# Solenoid Overdrive



## gregonbass (May 18, 2020)

Nice sounding build,  without the schematic I can't figure out what the micro switches perform outside of what seemed to be an obvious bass Boost. Help me out someone


----------



## Robert (May 18, 2020)

Ahh another one that slipped through the cracks.   I'll get the build docs worked up later this evening.


----------



## gregonbass (May 18, 2020)

Thank ya much Sir


----------



## cooder (May 18, 2020)

I'd love to see some more schematics as well please to be able to learn, compare and decide what to go for.
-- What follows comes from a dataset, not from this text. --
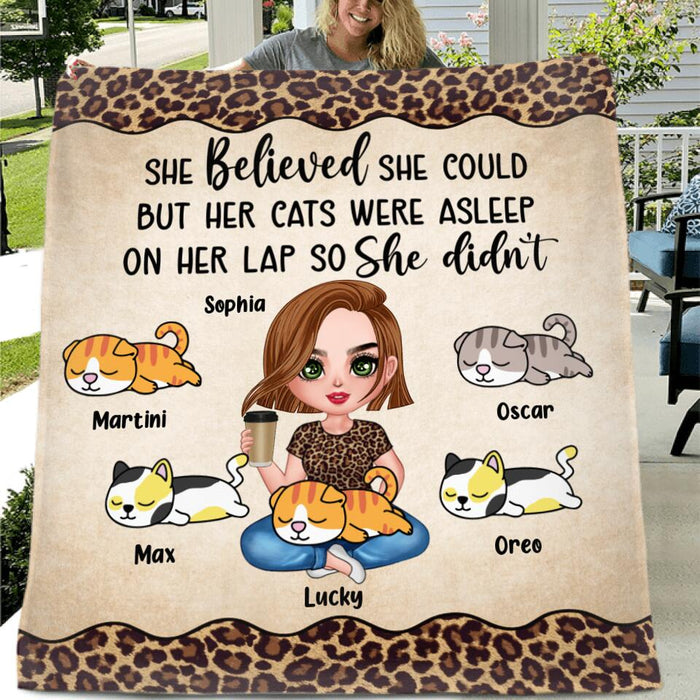 Personalized Cat Mom Fleece Throw Blanket/Quilt - Gift Idea For Cat Owner with up to 5 Cats - Her Cats Were Asleep On Her Lap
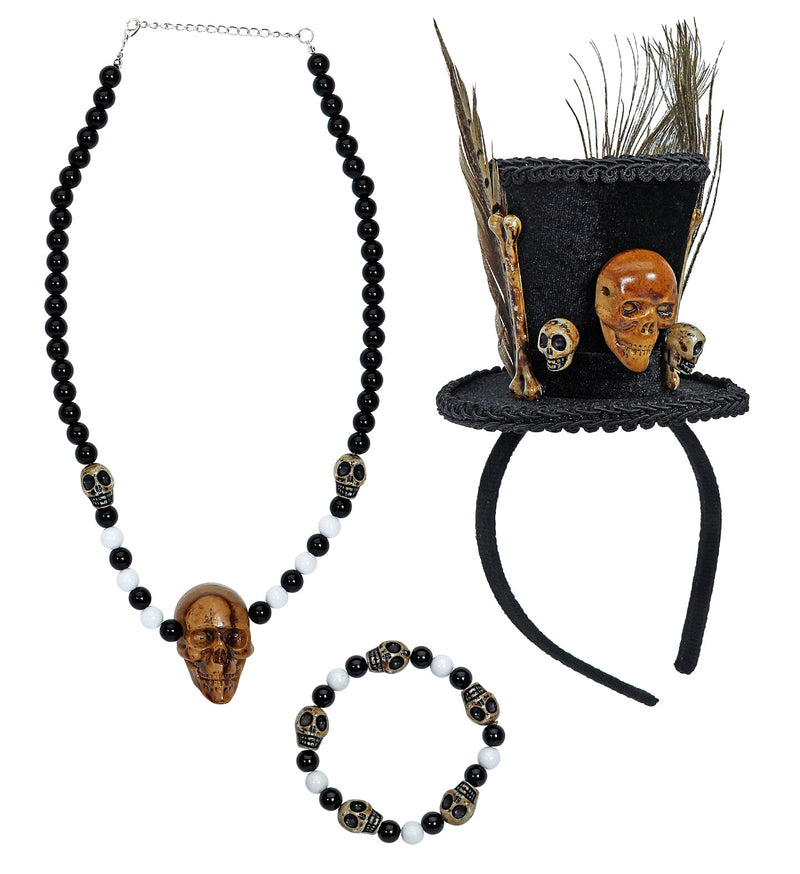 Voodoo Priester Set 3-tlg. | Hut, Halskette und Armband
Like Timmy 3, Super Stevie,
 XB-MB preamp to visalise how you inserted the mid knob and so forth.
And then if there's issues the schematics are essential for trouble shooting I feel, what's connected where and stuff.
Cheers BuGG!


----------



## cooder (May 18, 2020)

...and before I forget it it: Duocast schematic to see difference between Simulcast (which I have and dig!) and also Carmine Overdrive which seems somewhat similar without transformer or what's going on here?
Thanks for all the great work here, much appreciated!


----------



## Robert (May 18, 2020)

https://docs.pedalpcb.com/project/Solenoid.pdf
I'll get the others posted as soon as possible, they're on the list to do.   

Let me know if there are any issues or oddities with the newly uploaded build docs...    The new ones are a big leap because not only the visual format is changing, but I'm also migrating to new software and leaving Adobe behind.


----------



## cooder (May 19, 2020)

Robert said:


> https://docs.pedalpcb.com/project/Solenoid.pdf
> I'll get the others posted as soon as possible, they're on the list to do.
> 
> Let me know if there are any issues or oddities with the newly uploaded build docs...    The new ones are a big leap because not only the visual format is changing, but I'm also migrating to new software and leaving Adobe behind.


Awesome, thanks man! It's a lot of work and time in that sorta stuff...


----------



## xefned (Apr 25, 2021)

Does this asterisk next to C4 indicate anything interesting?


----------



## xefned (Apr 25, 2021)

Found a couple more asterisks on a couple of the 10µF caps. Looked at the schematic.

I'm gonna assume these asterisks mean "these were bipolar on the original Soul Driven, but they don't really have to be bipolar."


----------